### WHAT TO PRODUCE
Please output the lines from the one with "garageband v8.1 安卓版下載(庫樂隊(duì)) 截圖" through the end of the data exactly as written, omitting all pictures.

### Stored entries
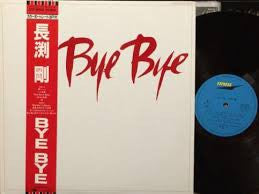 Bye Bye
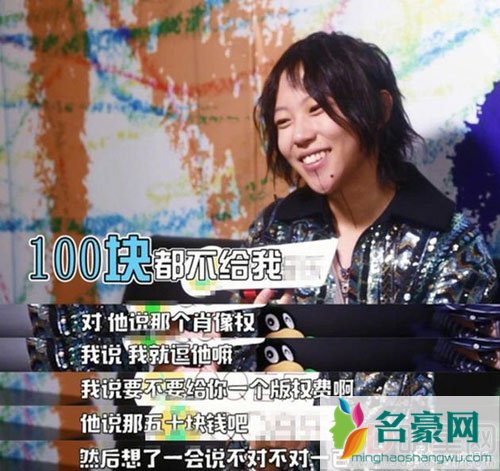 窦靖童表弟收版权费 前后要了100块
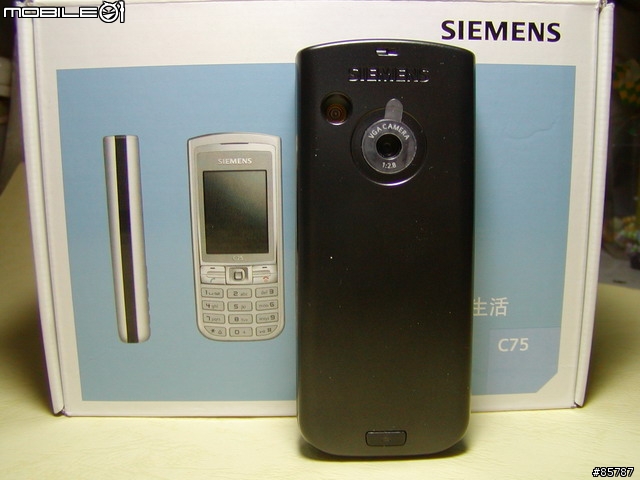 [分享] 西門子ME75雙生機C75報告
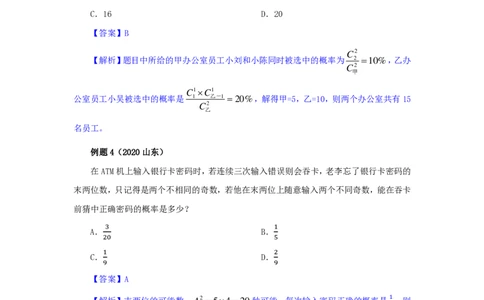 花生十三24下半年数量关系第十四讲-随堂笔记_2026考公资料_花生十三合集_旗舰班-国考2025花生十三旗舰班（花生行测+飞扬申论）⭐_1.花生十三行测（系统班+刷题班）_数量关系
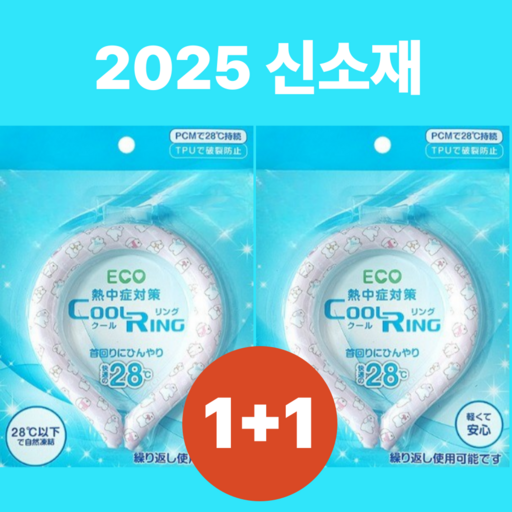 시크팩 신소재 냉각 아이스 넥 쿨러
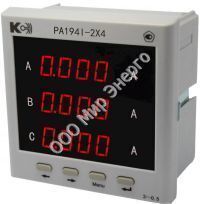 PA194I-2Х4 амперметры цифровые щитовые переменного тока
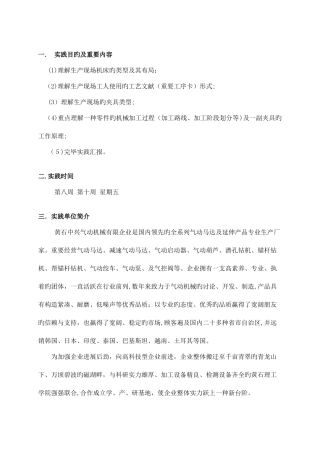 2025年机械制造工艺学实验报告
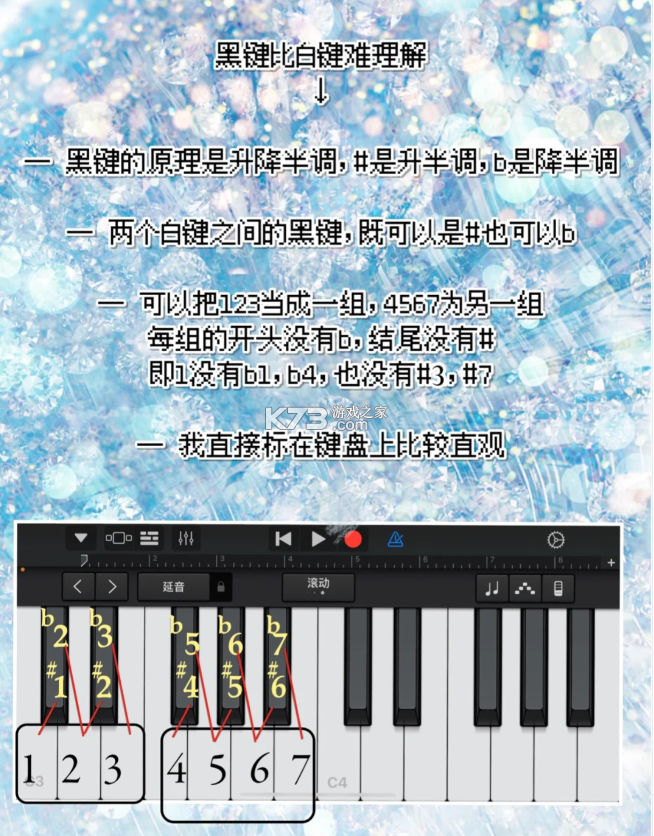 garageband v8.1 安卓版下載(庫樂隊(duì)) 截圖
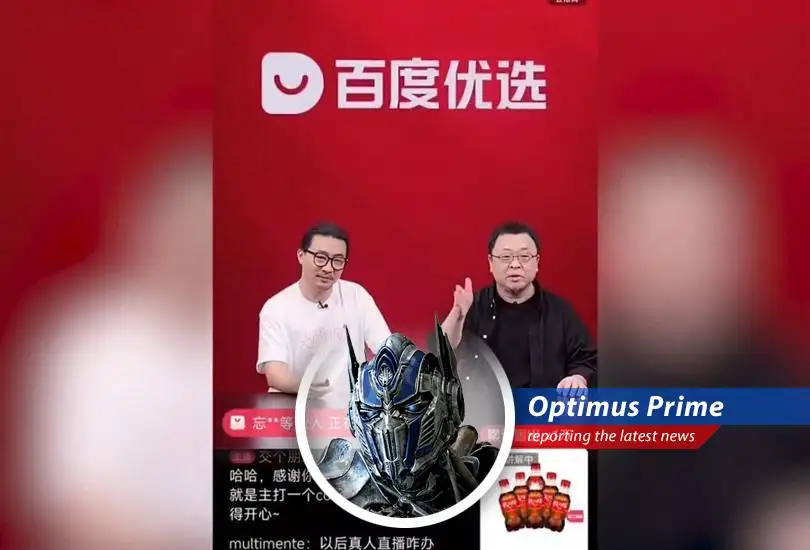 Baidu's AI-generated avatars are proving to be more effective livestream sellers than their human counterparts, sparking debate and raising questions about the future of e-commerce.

### RESULT OF THE TASK
 garageband v8.1 安卓版下載(庫樂隊(duì)) 截圖
 Baidu's AI-generated avatars are proving to be more effective livestream sellers than their human counterparts, sparking debate and raising questions about the future of e-commerce.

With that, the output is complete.